Please copy exactly the line that contains "Trendy Gold Plated" and every line after it through the end of the records, leaving the pictures out.
───── THE DATA ─────
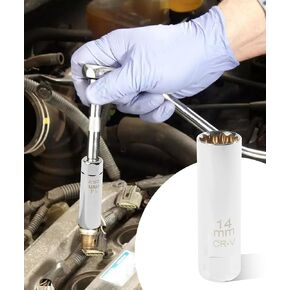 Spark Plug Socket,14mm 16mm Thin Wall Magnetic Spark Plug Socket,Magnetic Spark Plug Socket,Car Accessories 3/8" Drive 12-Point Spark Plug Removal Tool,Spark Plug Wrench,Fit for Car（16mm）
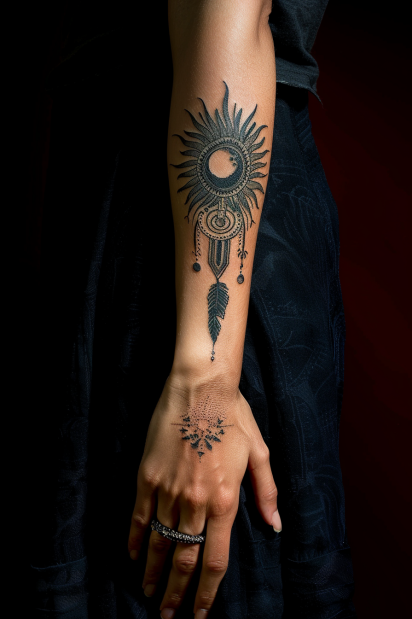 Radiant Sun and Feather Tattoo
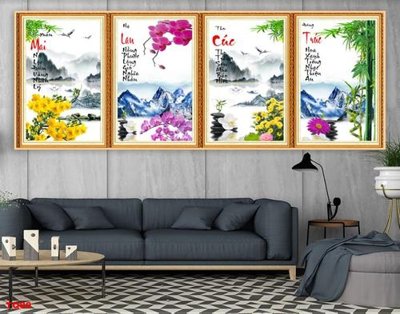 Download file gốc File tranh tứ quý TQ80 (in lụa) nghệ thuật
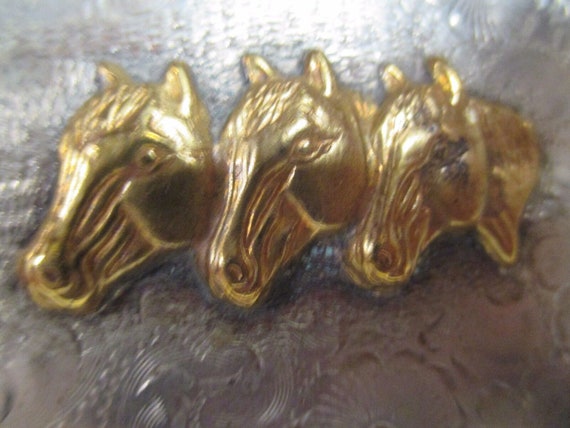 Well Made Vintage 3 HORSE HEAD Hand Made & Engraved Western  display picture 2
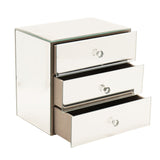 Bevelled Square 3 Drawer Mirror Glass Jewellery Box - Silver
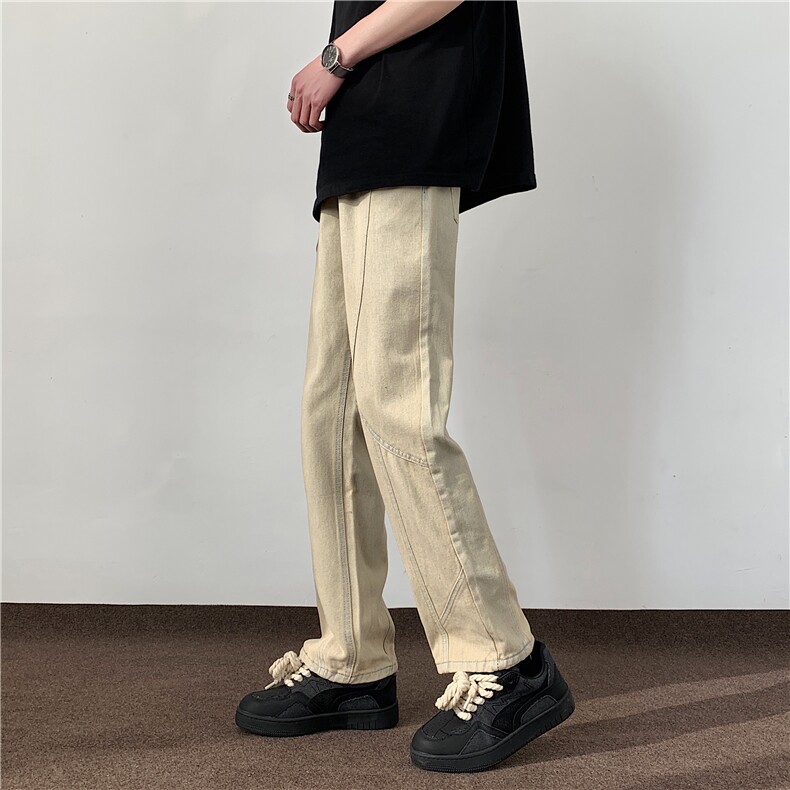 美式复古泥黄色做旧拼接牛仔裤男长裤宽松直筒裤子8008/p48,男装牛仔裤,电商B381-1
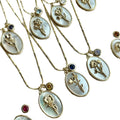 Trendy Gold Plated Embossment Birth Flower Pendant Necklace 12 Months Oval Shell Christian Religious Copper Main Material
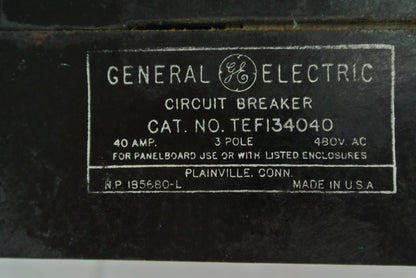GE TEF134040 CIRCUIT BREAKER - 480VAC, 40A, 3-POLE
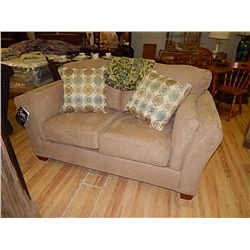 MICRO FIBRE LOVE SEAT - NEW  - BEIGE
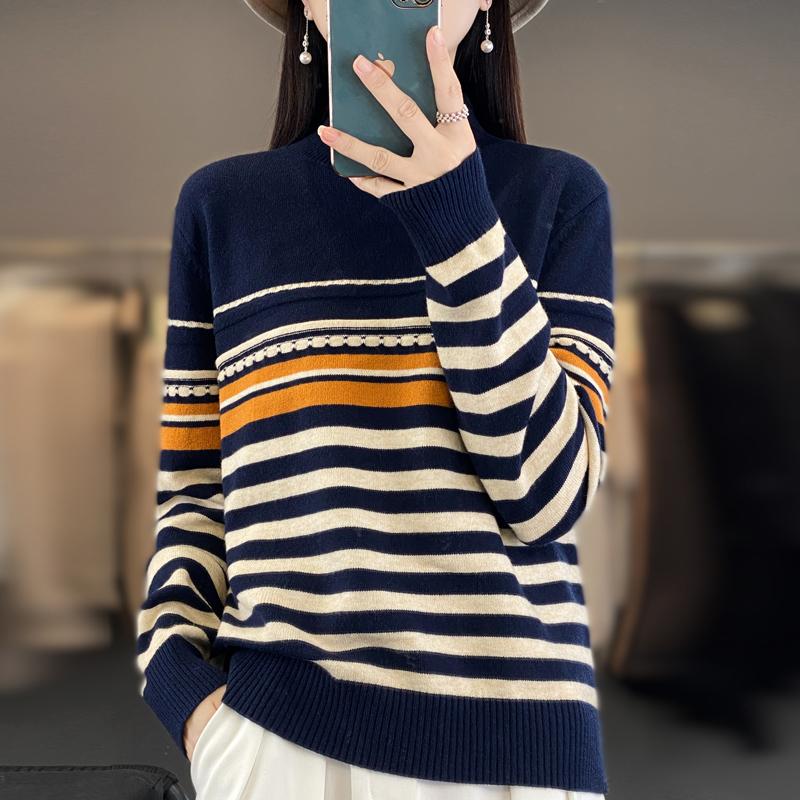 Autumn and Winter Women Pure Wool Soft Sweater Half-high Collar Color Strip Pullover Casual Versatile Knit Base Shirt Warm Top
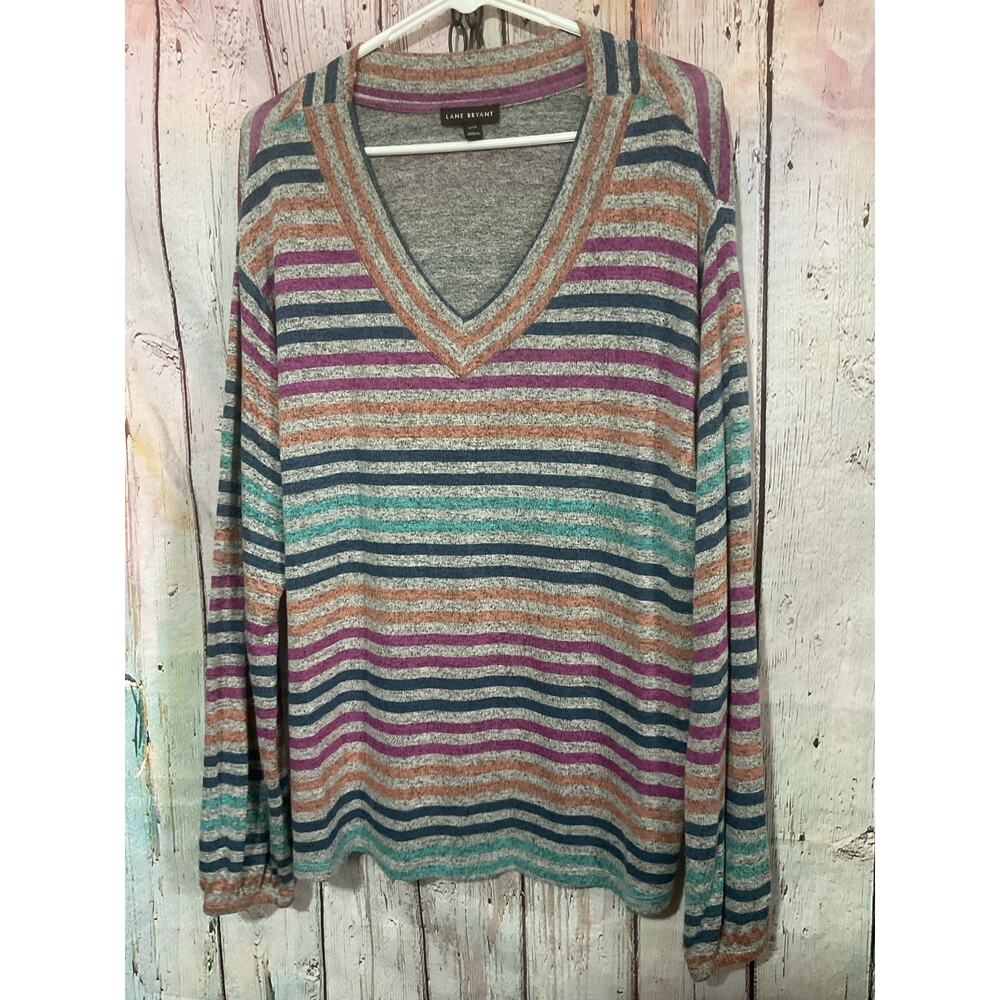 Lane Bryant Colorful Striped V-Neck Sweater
─────
# SOLUTION:
 Trendy Gold Plated Embossment Birth Flower Pendant Necklace 12 Months Oval Shell Christian Religious Copper Main Material
GE TEF134040 CIRCUIT BREAKER - 480VAC, 40A, 3-POLE
 MICRO FIBRE LOVE SEAT - NEW  - BEIGE
 Autumn and Winter Women Pure Wool Soft Sweater Half-high Collar Color Strip Pullover Casual Versatile Knit Base Shirt Warm Top
 Lane Bryant Colorful Striped V-Neck Sweater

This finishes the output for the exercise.